TASK DESCRIPTION |
Below, locate the line that contains "image for item EL1123 Meyer 8' W snow plow". Repeat exactly from that line to the line that contains "One-Bedroom Apartment - Photo 20", inclusive, leaving out the pictures.

[Extracted records]
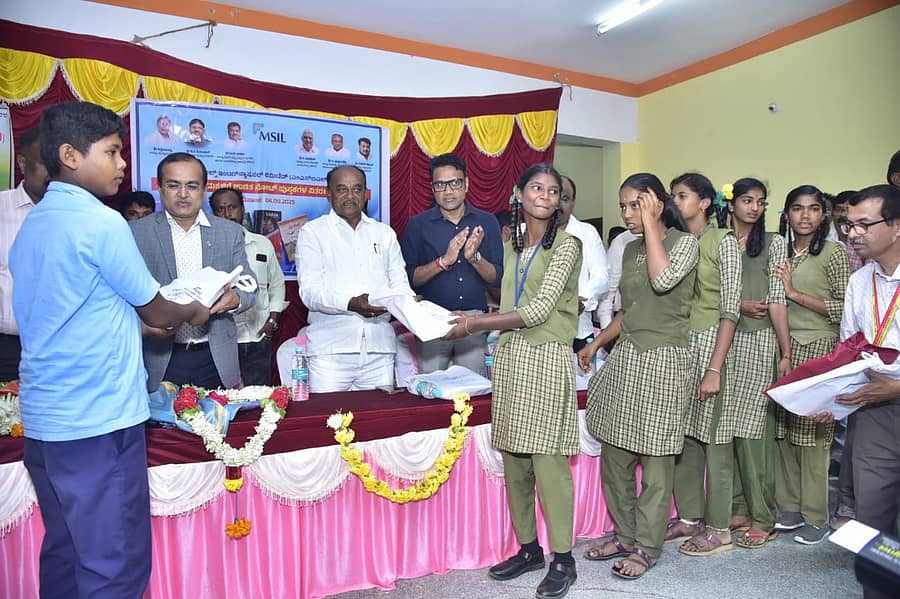 <div class="paragraphs"><p>ಚಾಮರಾಜನಗರ ತಾಲ್ಲೂಕಿನ ಚಂದಕವಾಡಿ ಕರ್ನಾಟಕ ಪಬ್ಲಿಕ್ ಶಾಲೆ, ಆಲೂರು ಹಾಗೂ ಮಂಗಲ ಸರ್ಕಾರಿ ಶಾಲೆಗಳಲ್ಲಿ ಶಾಸಕ ಪುಟ್ಟರಂಗಶೆಟ್ಟಿ ವಿದ್ಯಾರ್ಥಿಗಳಿಗೆ ನೋಟ್‌ಬುಕ್ ವಿತರಿಸಿದರು.</p></div>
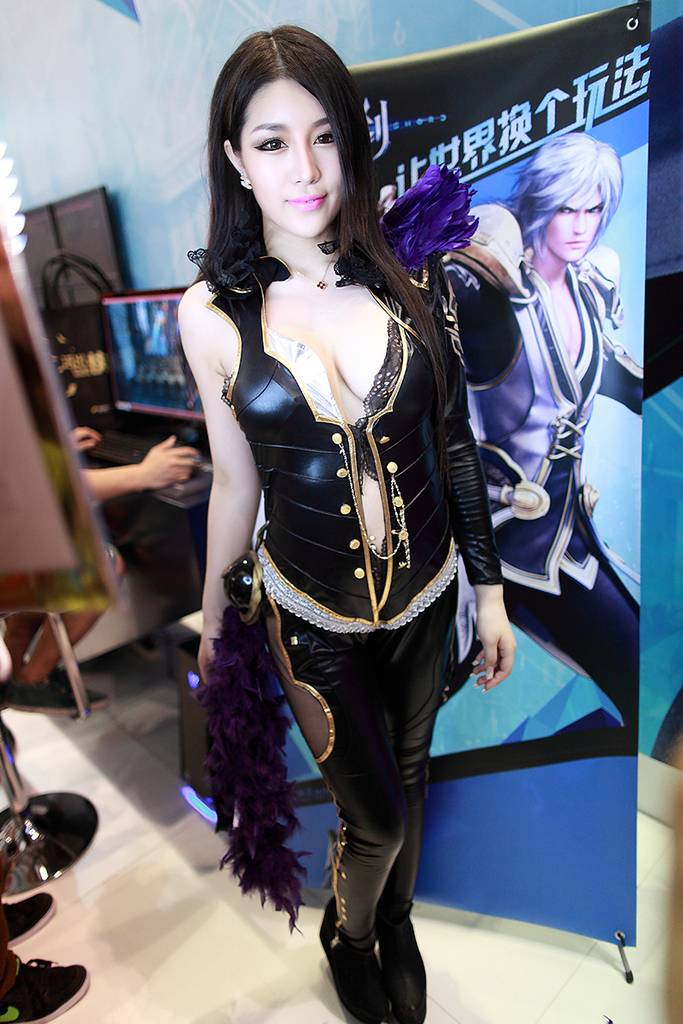 showgirl郭婷瑜性感爆乳写真-2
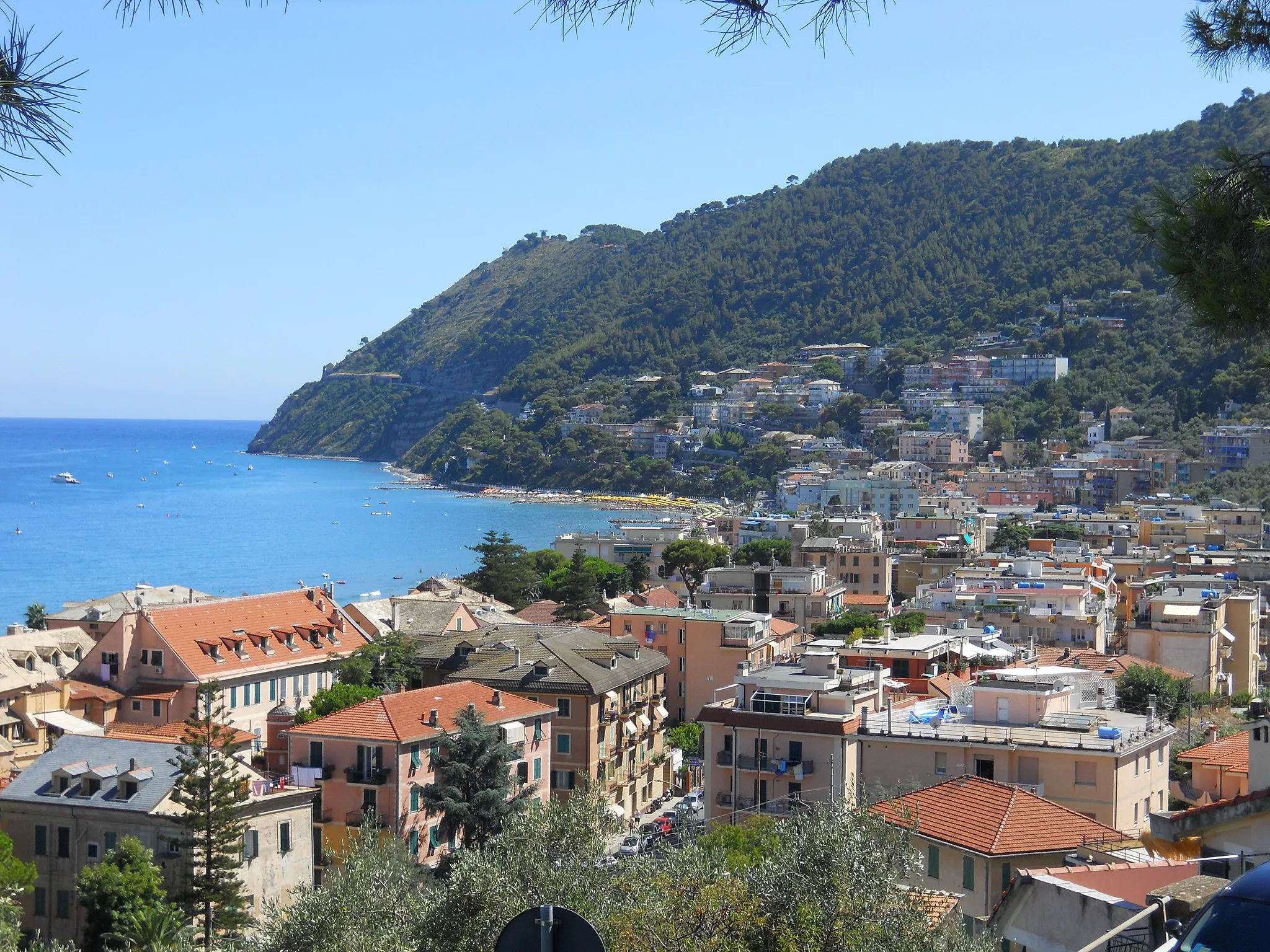 Photo showing: Panorama e Capo Mele
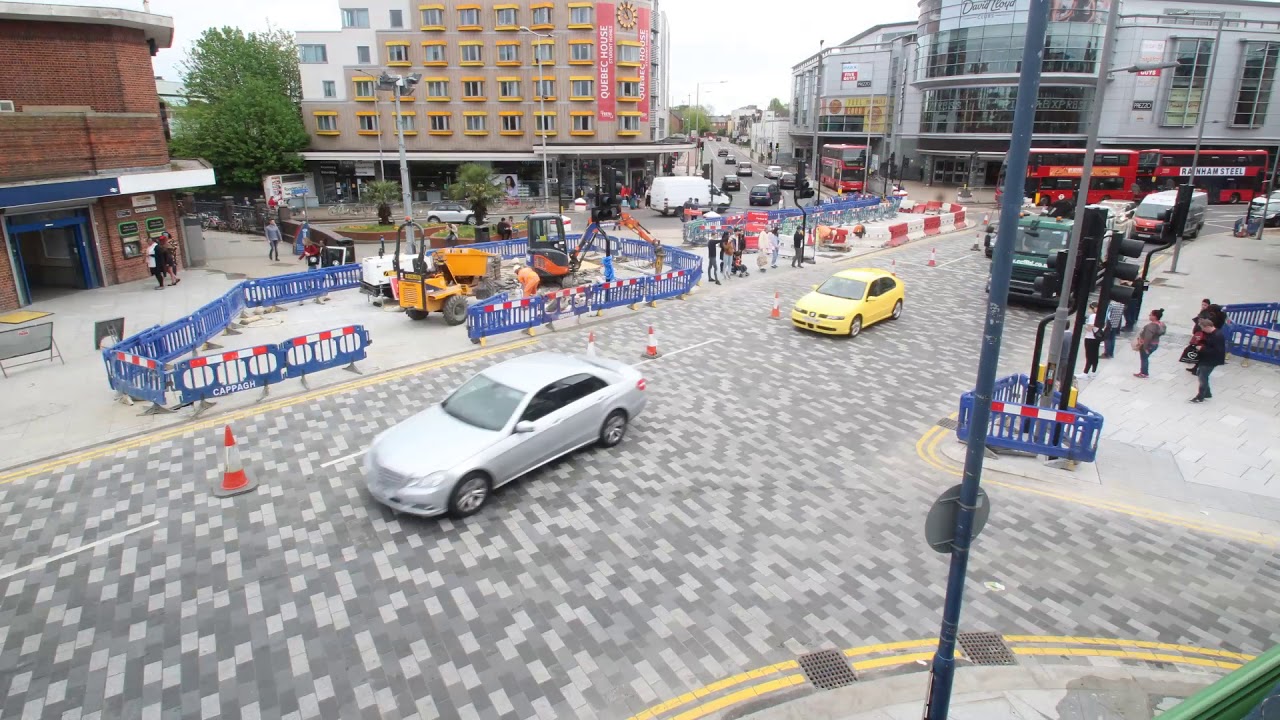 Kingston Station Forecourt - Time-Lapse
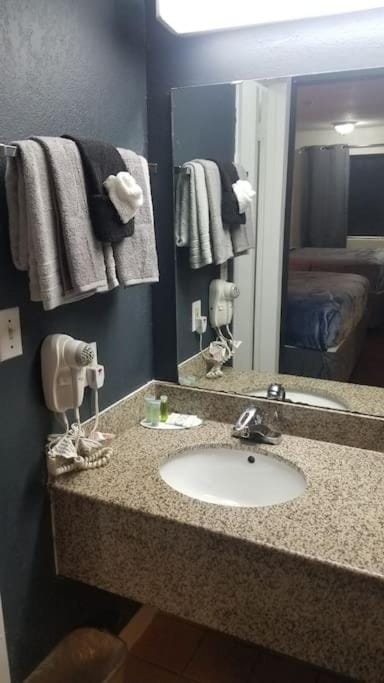 OSU 2 Queen Beds Hotel Room 208 Apartment in Stillwater
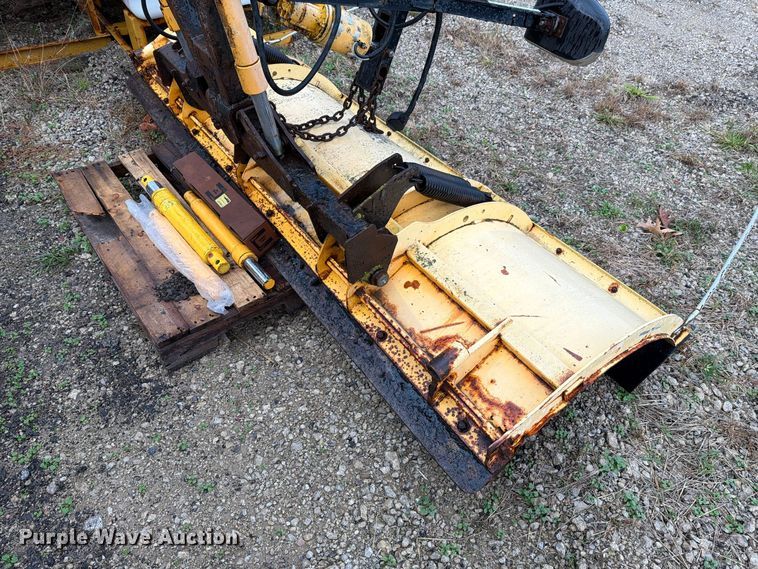 image for item EL1123 Meyer 8' W snow plow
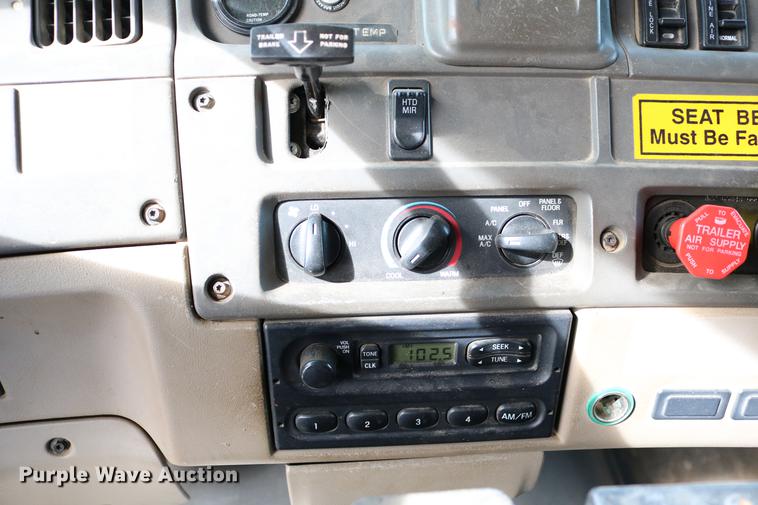 image for item DD8676 2001 Sterling L7501 dump truck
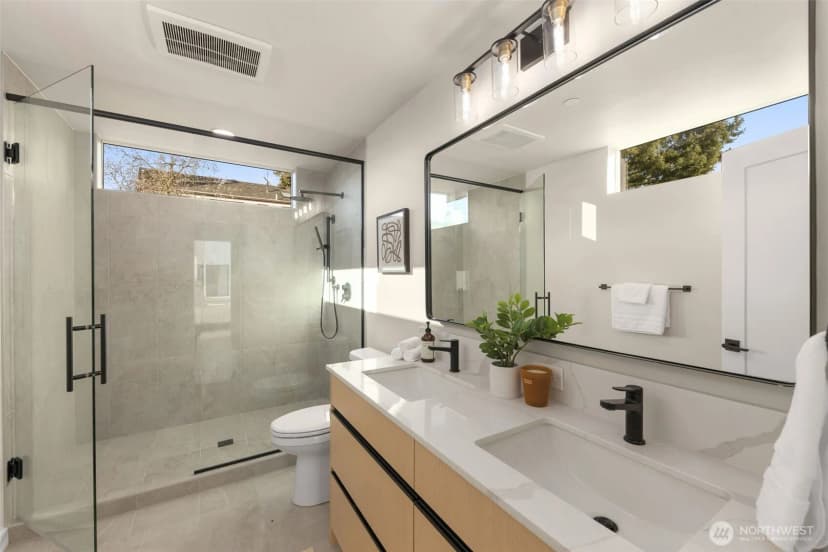 Property photo for 1014 B Ne 70th Street #1014b, Seattle photo 27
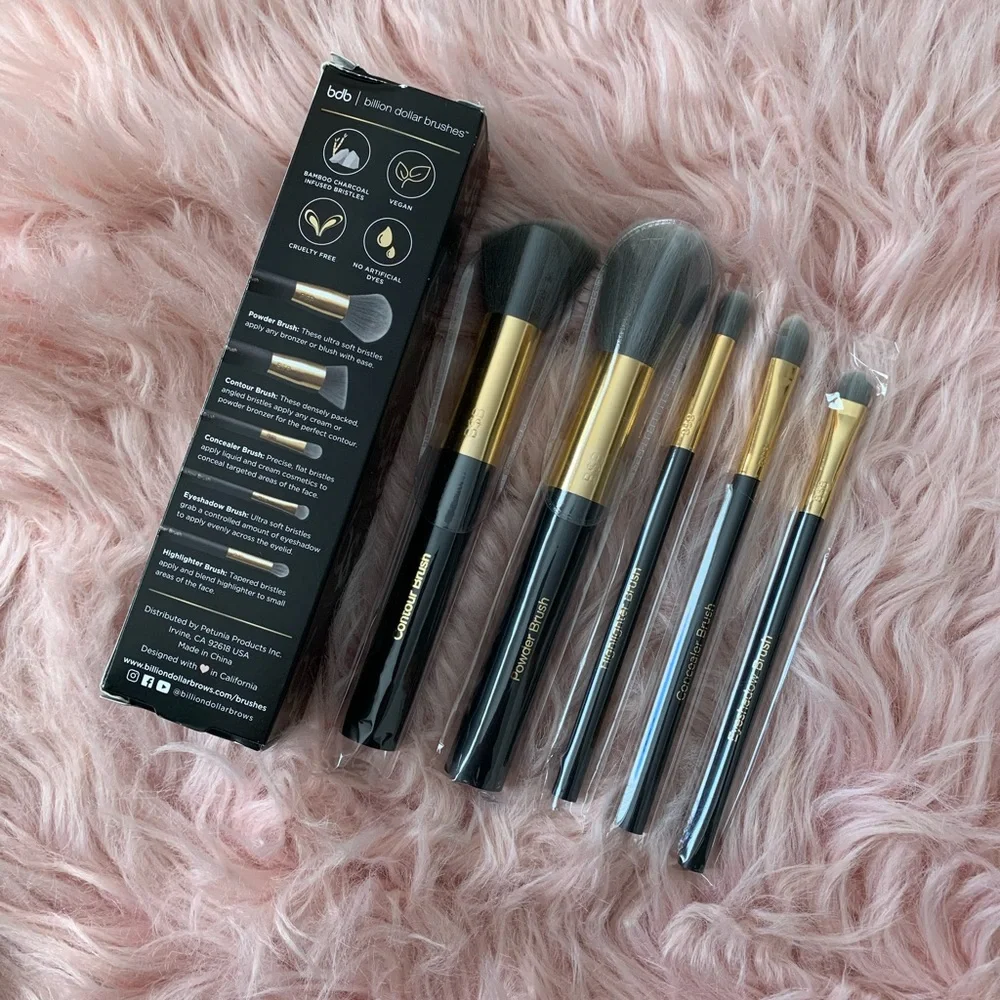🎉HP🎉 New 5 Makeup Brushes Billion Dollar Brushes Charcoal Brush Set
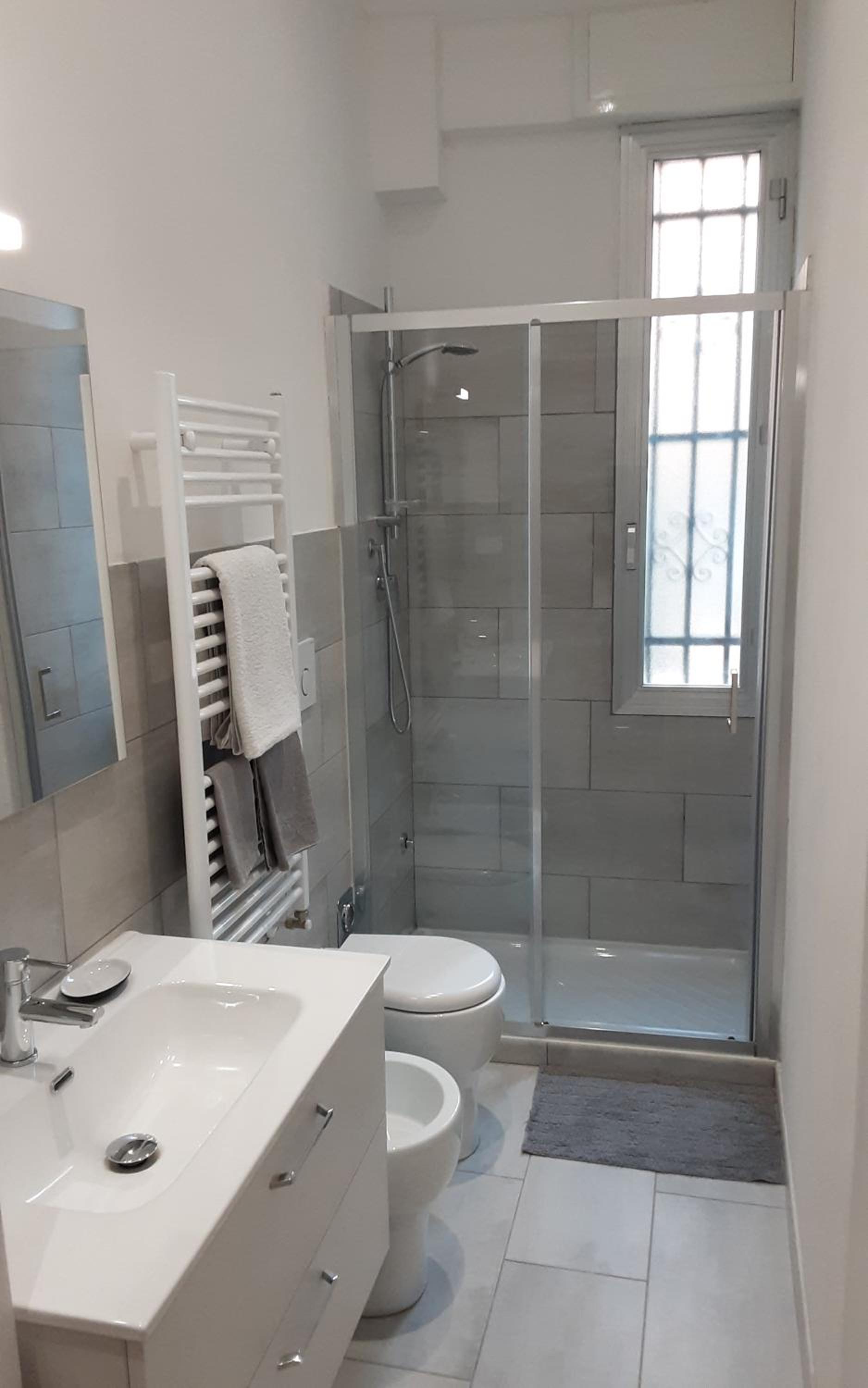 One-Bedroom Apartment - Photo 20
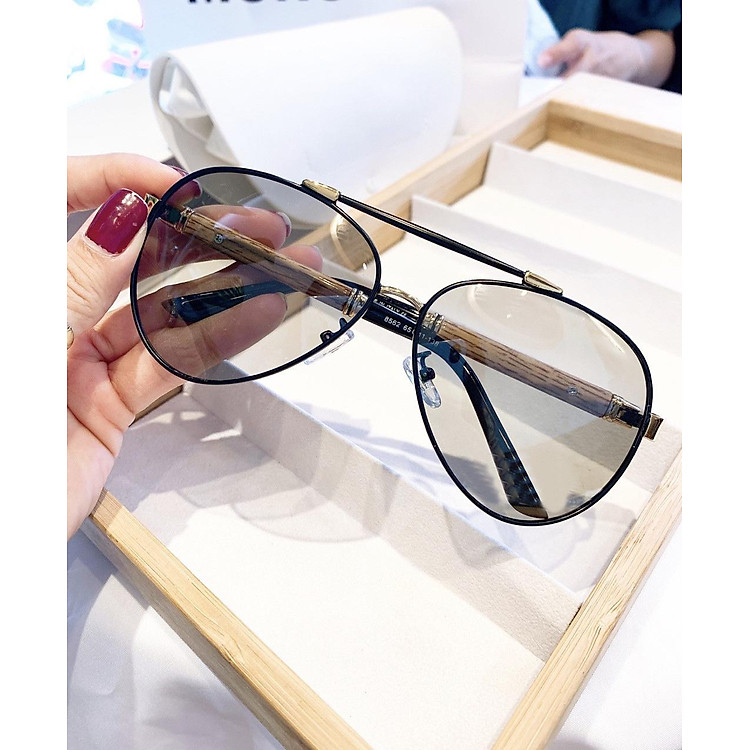 Kính mát nam cao cấp tròng kính đổi màu khi đi ra nắng, đổi màu theo nhiệt độ - Mắt kính chống tia UV gọng gỗ độc đáo P8502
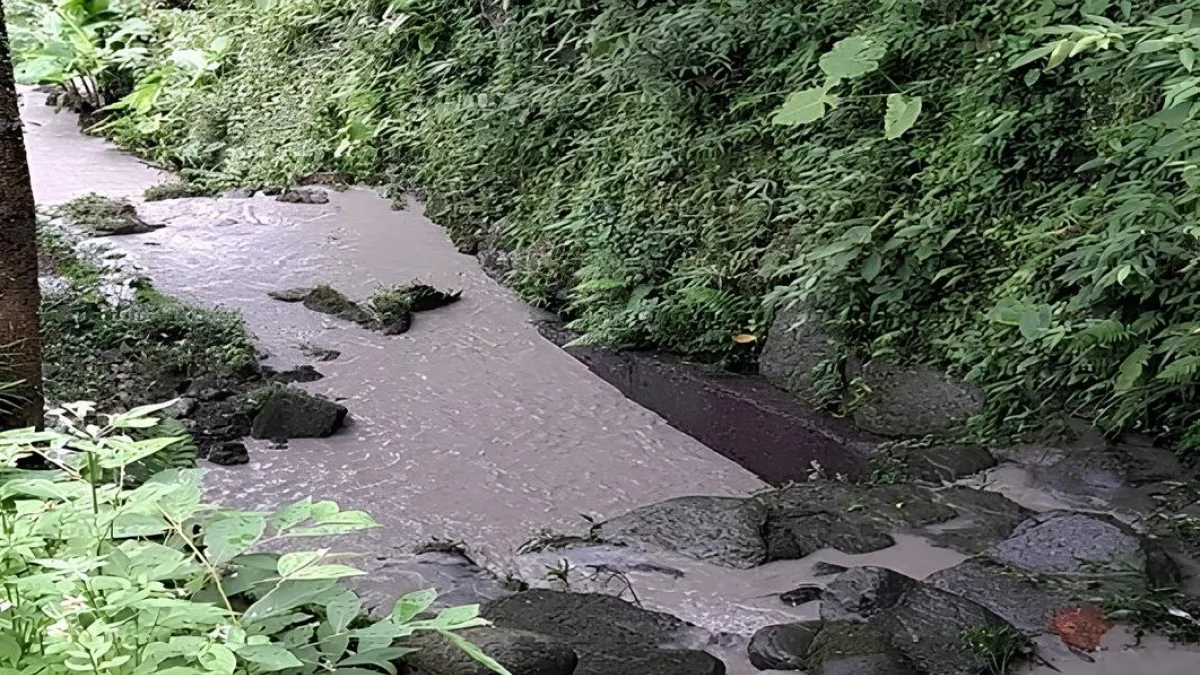 四分溪遭磊駿土資場泥漿水污染,北市環保局重罰業者。(圖/臺北市政府環保局提供)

COMPLETED EXERCISE |
 image for item EL1123 Meyer 8' W snow plow
 image for item DD8676 2001 Sterling L7501 dump truck
 Property photo for 1014 B Ne 70th Street #1014b, Seattle photo 27
🎉HP🎉 New 5 Makeup Brushes Billion Dollar Brushes Charcoal Brush Set
 One-Bedroom Apartment - Photo 20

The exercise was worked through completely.